Task goal -> Starting with the line that holds "Replacement Vacuum Cleaner" and stopping after the line that holds "Mosaic Salon and Jeff Petersen Studios", repeat the lines below word for word, without the pictures.

Provided records ->
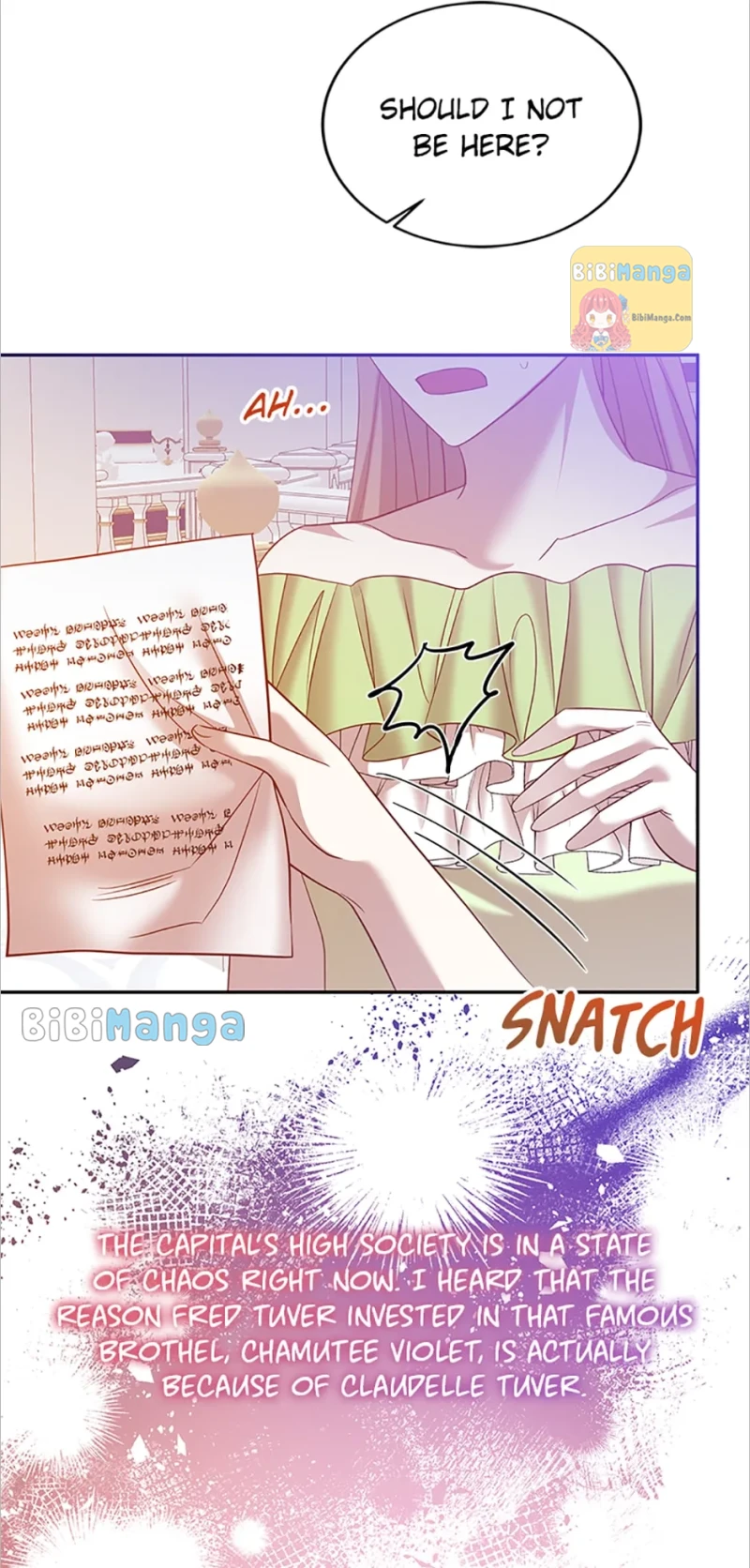 GENTLE TYRANT Chapter 76 - page 60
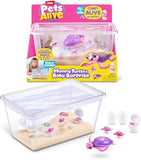 Zuru Pets Alive - Mama Turtle & Baby Surprise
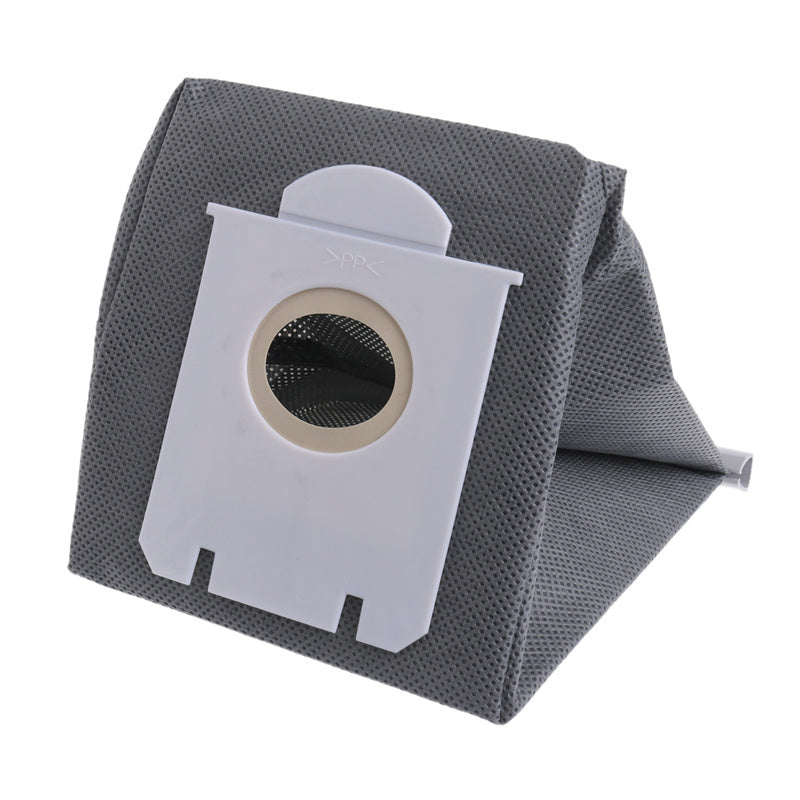 Replacement Vacuum Cleaner Dust Bag Non-Woven Fabric Compatible with FC8613 FC8614 FC8220
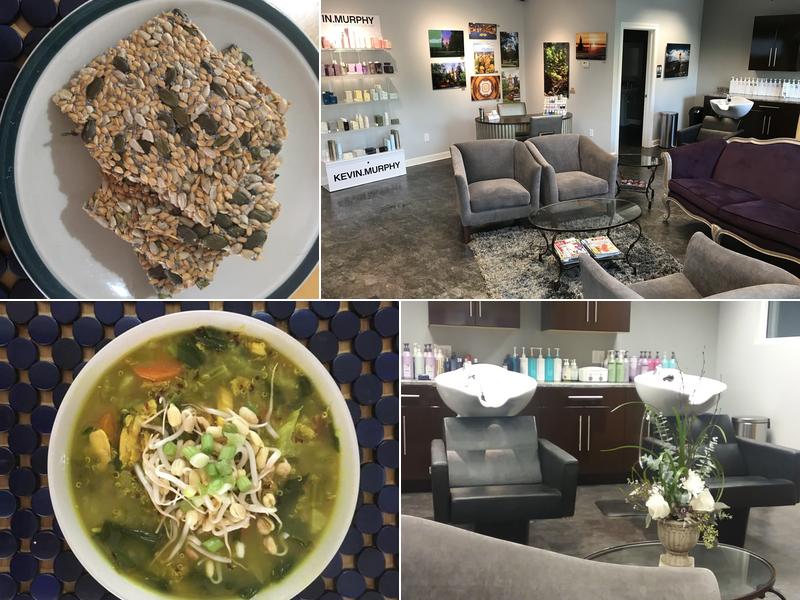 Mosaic Salon and Jeff Petersen Studios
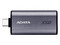Unidad de Estado Sólido Portátil ADATA SC750 de 1TB, Velocidad de Lectura de 1050MB/s, Velocidad de Escritura de 1000MB/s, USB-C 3.2 Gen 2. Color Gris.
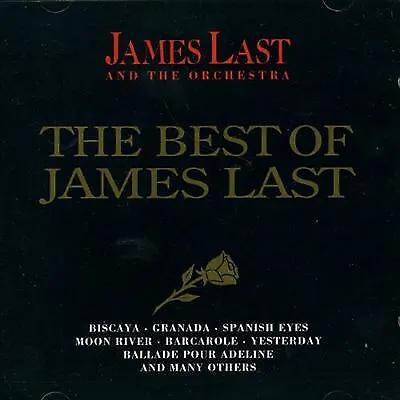 The Best Of James Last CD Value Guaranteed From EBay’s Biggest Seller! • £2.39
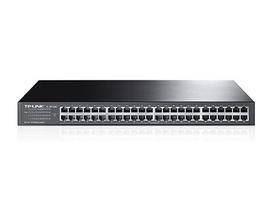 48 portu komutatorius - TP-Link TL-SF1048 - 1 nuotrauka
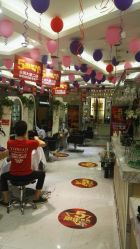 店堂-永琪美容美发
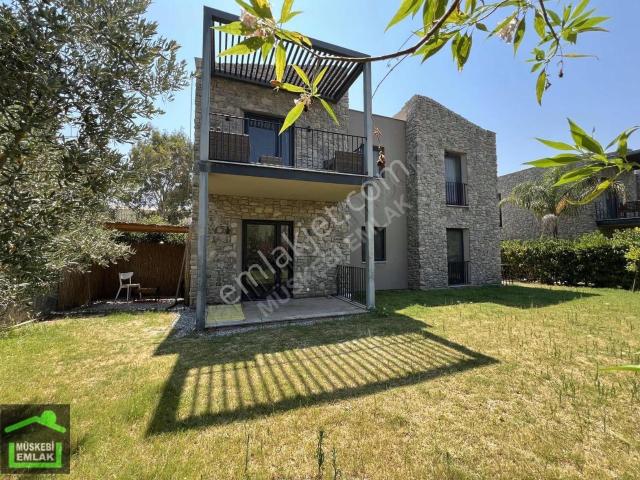 Bodrum Ortakent Merkezde Kiralık Elit Daire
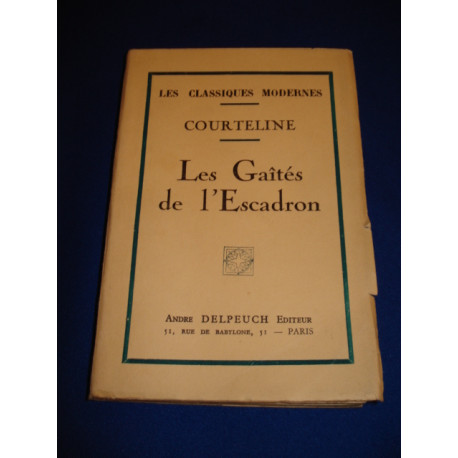 Les Gaités de l'Escadron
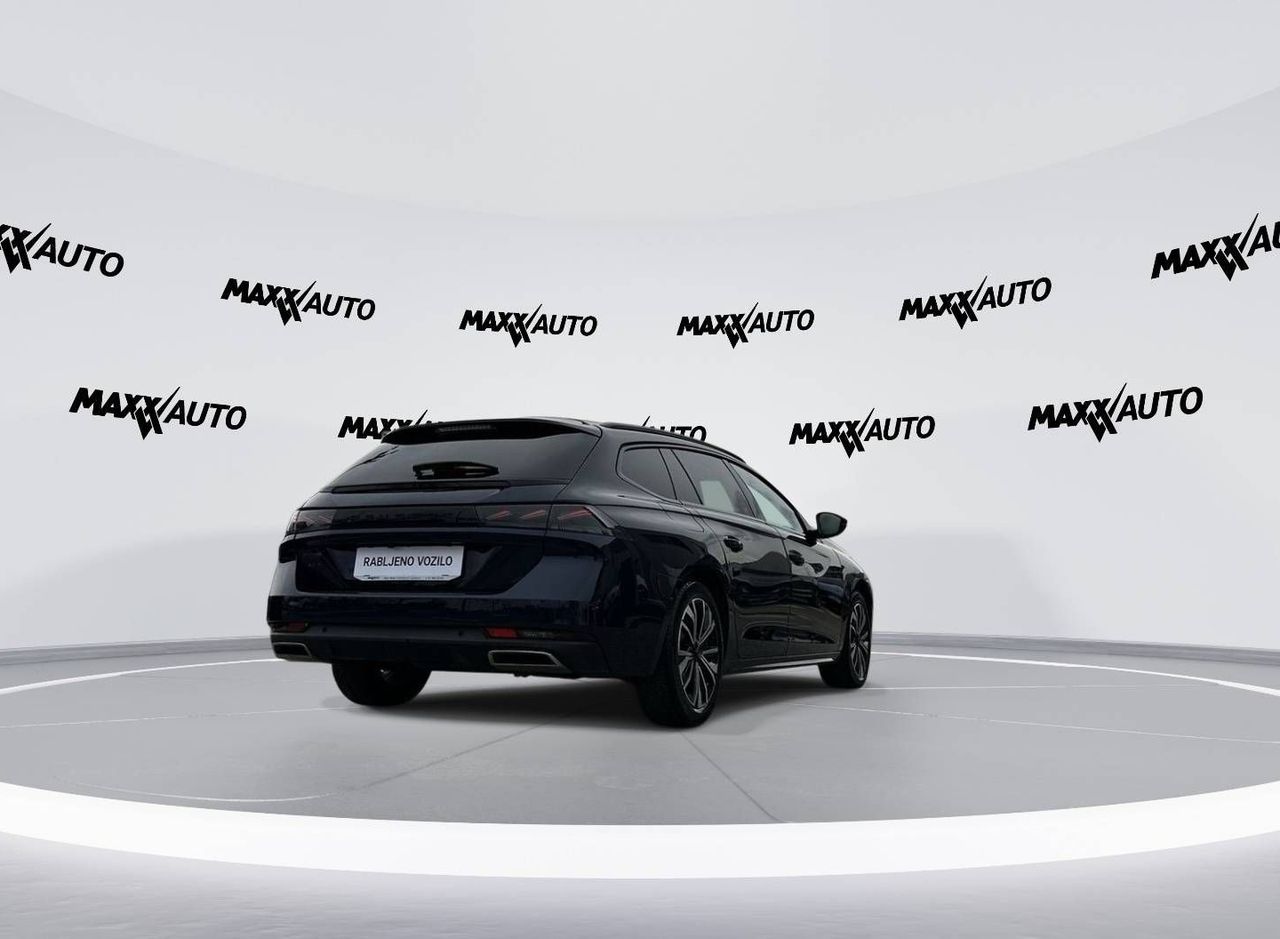 Zunanja slika - Peugeot 508 - 1.5 BLUEHDI 130 ALLURE EAT8 - 5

Task output ->
 Replacement Vacuum Cleaner Dust Bag Non-Woven Fabric Compatible with FC8613 FC8614 FC8220
 Mosaic Salon and Jeff Petersen Studios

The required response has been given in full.